- Contributed by
- People in story:
- Jean Gregory (nee Woodhead)
- Location of story:
- Jenkin Road, Sheffield
- Background to story:
- Article ID:
- Contributed on:
- 20 August 2005
When war was declared in September 1939, I was 11 years old, and well remember the air raids. Night after night we were awakened by the sirens and had to make a dash for the shelter in our garden.
One night sticks in my memory very clearly. It was Sunday 15th December when the East End of Sheffield was targeted. (The previous Thursday it was the Centre of Sheffield that was bombed). We lived near the steel works, the target for that night and the sirens sounded at about 7pm, so we made the dash for the shelter.
In our haste we forgot to take my pet canary (a Yorkshire roler) with us, and when we remembered there was no way we could leave the shelter to get him, which upset us all very much.
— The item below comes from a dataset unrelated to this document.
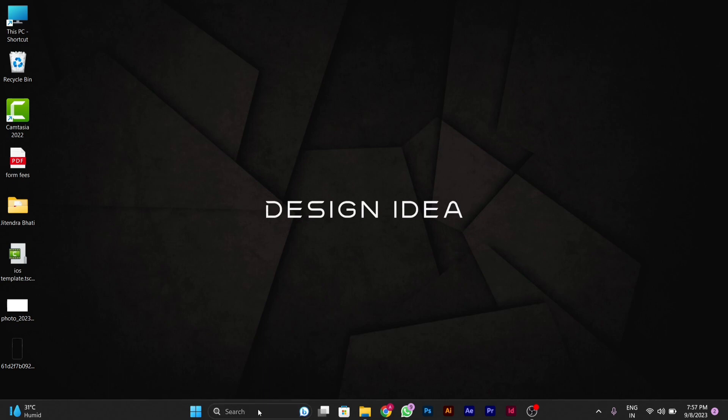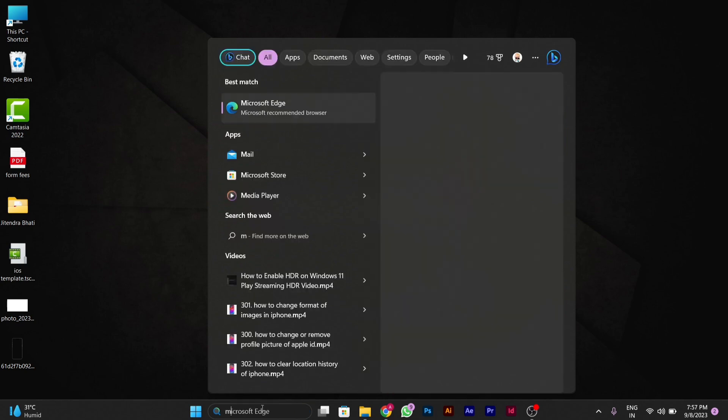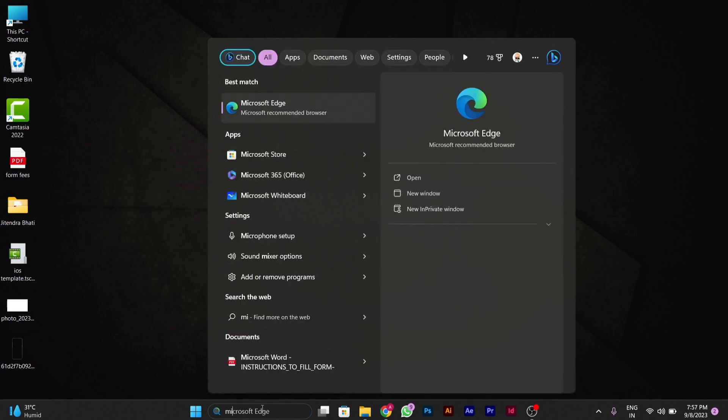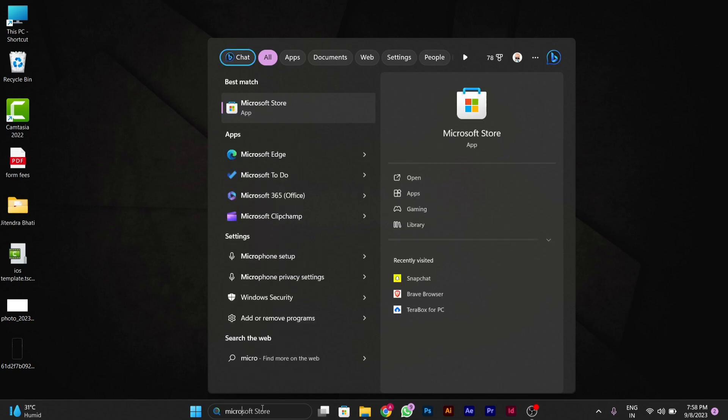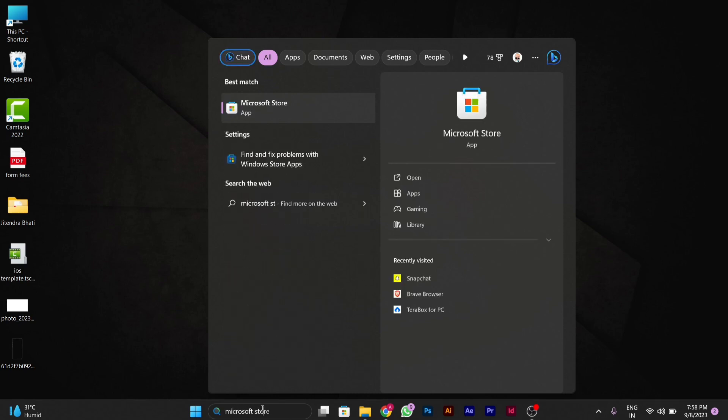You have to go to search in the taskbar and type Microsoft Store app. After you search Microsoft Store, you have to open the Microsoft Store app.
The German planes were overhead and the guns were firing non stop. A large land mine was dropped on the railway station at the top of our road (Jenkin Road) and a lot of debris had fallen on top of us. When we finally heard the all clear, we had to dig ourselves out of the shelter and found that the roof had been blown off the house and the back door had been blown through three internal doors and into the street. All the windows had been blown out but the canary however, was still in his cage in a corner, black with soot but unharmed and singing away! Something of a miracle.
The next few hours were spent salvaging what clothes and possesions we could and walking to my sister's house on Shiregreen. The canary went with us, mother carrying the cage, and I always think of this when I hear the song, "My old man said follow the van ... and don't dilly dally on the way".